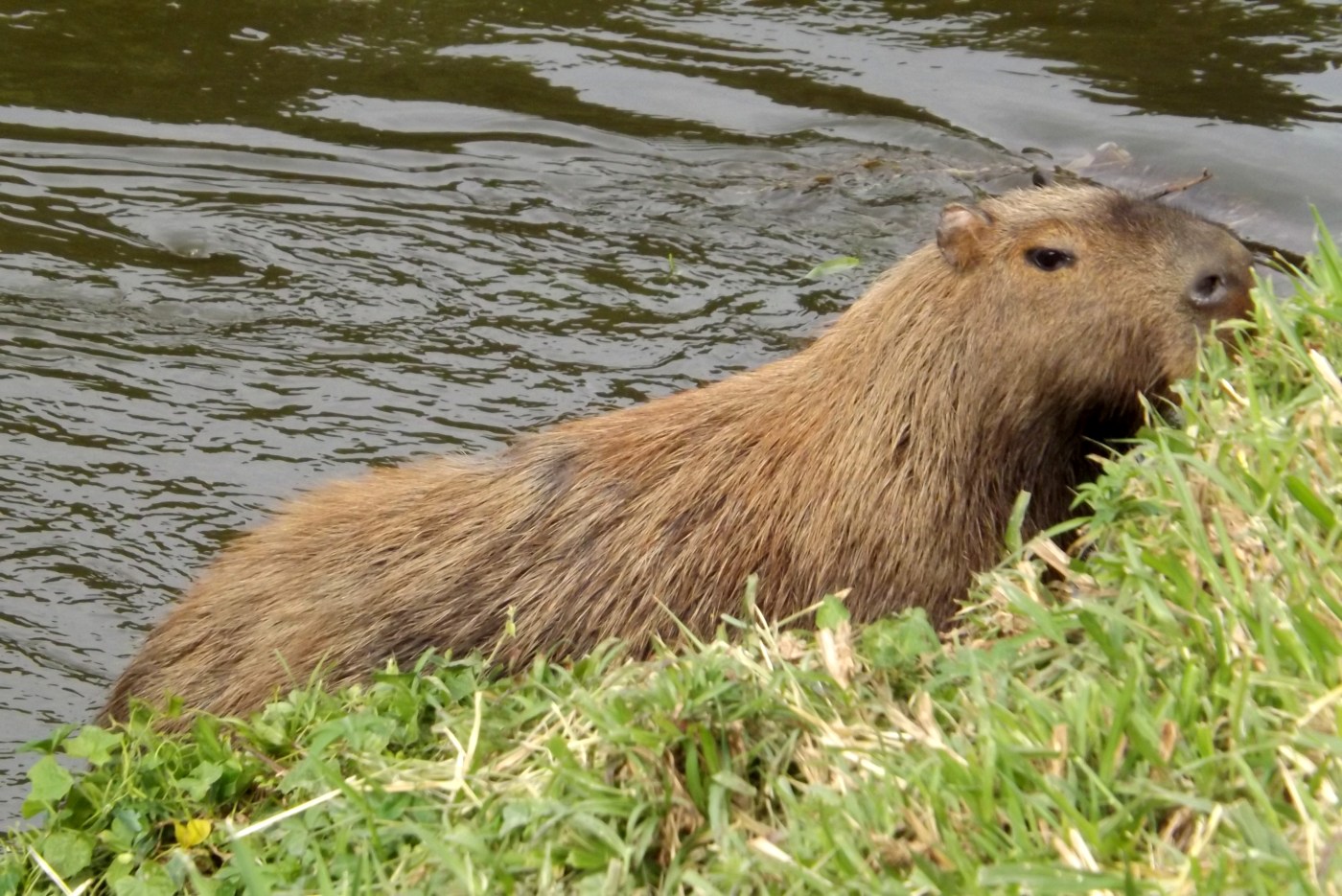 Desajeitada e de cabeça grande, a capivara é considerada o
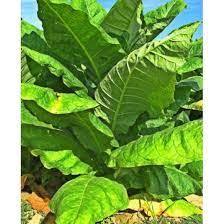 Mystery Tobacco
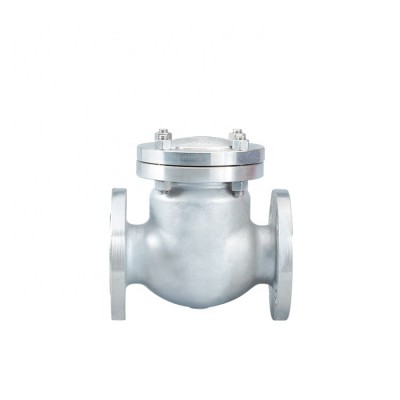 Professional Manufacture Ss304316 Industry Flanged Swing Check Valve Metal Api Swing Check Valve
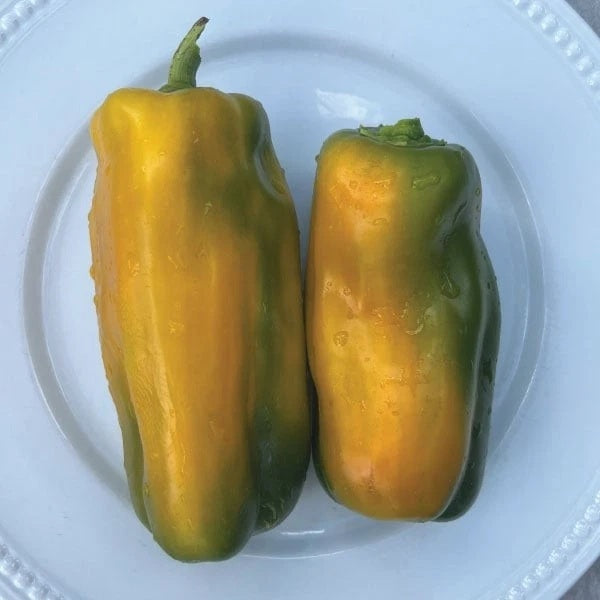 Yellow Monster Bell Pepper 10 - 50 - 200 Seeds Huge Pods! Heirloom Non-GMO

++++++

Work required
Transcribe the whole listing above exactly and leave out the pictures.

Exercise output
 Desajeitada e de cabeça grande, a capivara é considerada o
 Mystery Tobacco
 Professional Manufacture Ss304316 Industry Flanged Swing Check Valve Metal Api Swing Check Valve
 Yellow Monster Bell Pepper 10 - 50 - 200 Seeds Huge Pods! Heirloom Non-GMO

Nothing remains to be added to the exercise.